My plan was to exit on Campus Parkway and explore the U District for a while. Then I noticed that our 67 had turned into a 65. I decided to stay on a while, and see where the 65 goes.
I still don’t understand the reasoning behind a bus changing its route number in the middle of a route. I did some internet searching a while back, and I have yet to find a transit system in another major city that has this feature. It is a mystery.
I discovered that routes 65 and 67 are essentially one route. Having skipped the U District, I exited at University of Washington Station and rode Link back to Capitol Hill.
Here’s how the 65/67 works: Route 65 starts in Jackson Park and continues south through Lake City, through some neighborhood named Wedgwood, and into the University of Washington. At some point on the UW campus, it changes into a 67 and continues through the U District, north along 11th, and then Roosevelt, to Northgate. Then the 67 goes back south along Roosevelt, changing into a 65 somewhere in the U District, and continues on to Jackson Park. (Why is this not one route? Is there any city besides Seattle that does this?
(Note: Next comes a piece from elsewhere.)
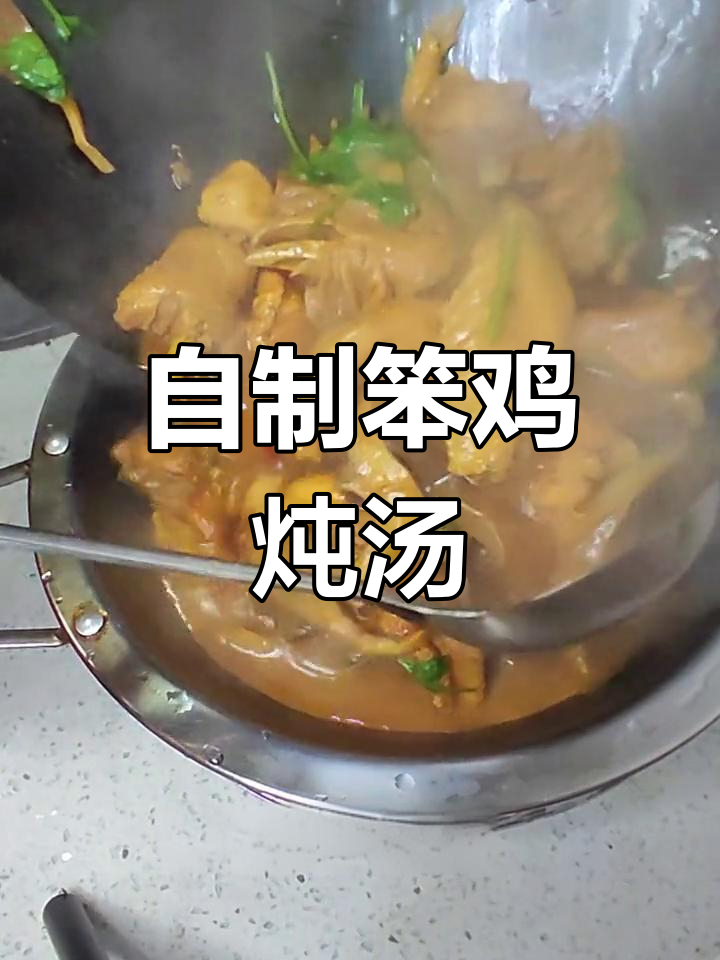 农村笨鸡炖法,香气扑鼻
The mystery continues.) If I had studied Metro Transit’s map more closely before I left home, I wouldn’t have been surprised by this, but I’d planned by trip with Google Maps, and used Metro’s web site just to check the frequency of the 67.
I exited Capitol Hill Station and decided to have some traditional “Phillip’s at a NorWesCon meeting” phở on Broadway. I came to a new restaurant named Poke & Sushi, however, and decided to give it a try. I didn’t actually know what poke is, but the guy behind the counter was helpful and friendly.
I had tuna and white rice, with traditional poke sauce, with green onions, tofu, and edamame. I had a Fat Tire beer to go with it. It was tasty. I’d go back there.